El totalitarismo del carnaval* Boris Groys La actual teorización postmoderna, o, mejor dicho, postestructuralista, se nutre

en muchas cosas de las ideas y estados anímicos del final de los años 20 y de los años 30, surgidos como resultado de la crisis de la vanguardia, cuando ya se había perdido la fe en el carácter verídico y salvador de las nuevas iluminaciones, pero, al mismo tiempo, se reconocía como definitiva e insuperable la ruptura con la tradición que había acontecido en la época de la vanguardia. De resultas, la orientación tradicional a los ideales de objetividad, racionalidad y cientificidad se halló en tela de juicio en la misma medida que la orientación vanguardista a la autenticidad, la intuición, la originalidad y la novedad. El hombre de los años 20-30 tomó conciencia de sí como parte integral del mundo material, del cual no podía distanciarse más ni por la vía de la contemplación e investigación del mismo, ni por la vía de la reclusión en su propio mundo interior. El mundo podía revelársele ahora al hombre sólo en el límite de su propia existencia material, física: en la realidad de la muerte y del eros, en el carácter total del poder de este mundo o en las situaciones límite extremas que exigen una tensión sobrehumana de todo el organismo humano.

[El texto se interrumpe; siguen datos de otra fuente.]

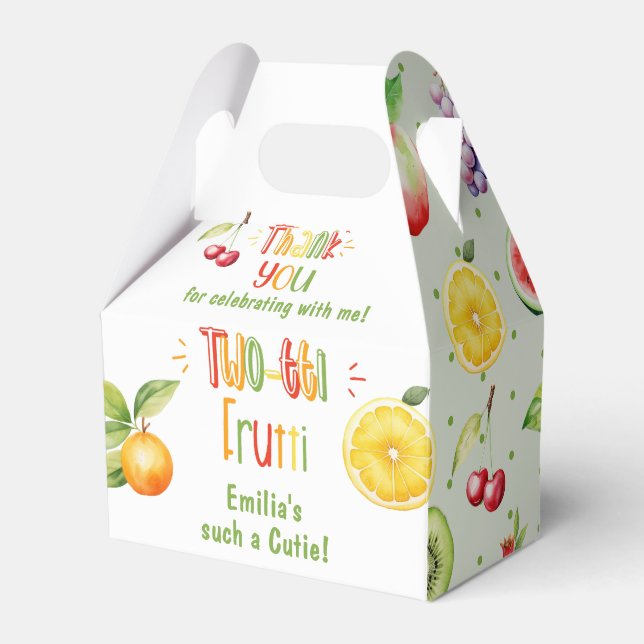 Caja Para Regalos Dos tti frutti fiesta de 2º cumpleaños gracias (Front Side)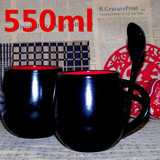 创意纯黑色550ml大容量陶瓷杯马克杯燕麦杯牛奶杯子喝水杯子口杯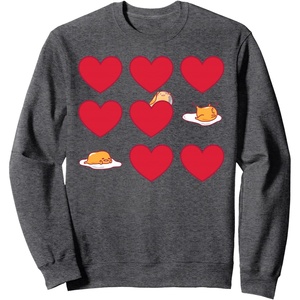 image:imageGudetama Hearts amp Eggs Valentines SweatshirtDark Heather Grey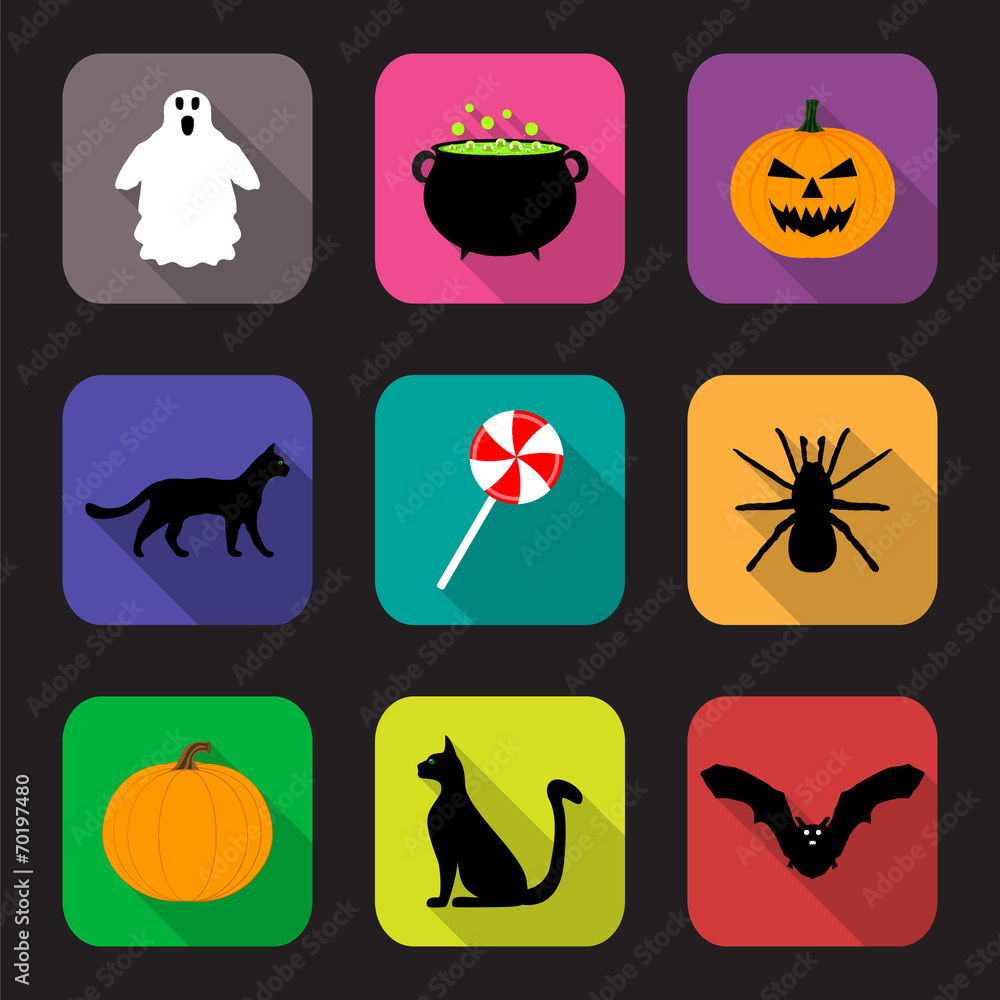 Fototapeta premium Flat design icons for Halloween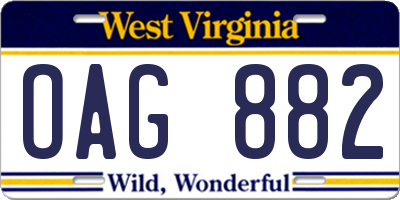WV license plate OAG882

Desde luego, el actual pensamiento postmoderno, habitualmente asociado a autores franceses tales como Jacques Derrida, Jacques Lacan o Gilles Deleuze, no cree en la posibilidad de una revelación del mundo ni siquiera en sus «situaciones fronterizas», puesto que supone que en la orientación a la vivenciación de la frontera del mundo continúa manifestándose la orientación «metafísica» tradicional —y también heredada de la tradición de la vanguardia— al hallazgo de una «metaposición» con respecto al mundo en su totalidad. En este sentido, el reproche que se le hace al postmodernismo de resucitar ideologías de los años 30 que se desacreditaron políticamente, es por completo improcedente: la teoría postmoderna utiliza la argumentación de esa época de «superrealismo» (como se puede llamar a los años 30 con su realismo socialista, surrealismo, realismo mágico, etc.) contra las ilusiones modernistas que en el período posterior a la Segunda Guerra Mundial experimentaron una impetuosa restauración en la ola de simpatía puramente moral hacia los ideales del modernismo acosado por los regímenes totalitarios. Entretanto, precisamente esas ilusiones, puesto que en parte fueron conservadas o incluso radicalizadas en los años 30, condujeron, en opinión de la nueva filosofía francesa, a las posteriores catástrofes: las intenciones político-morales de la teoría postmoderna, como puede verse, son plenamente buenas —el enredo surge sólo a causa de los problemas con el diagnóstico de la época precedente del desarrollo filosófico.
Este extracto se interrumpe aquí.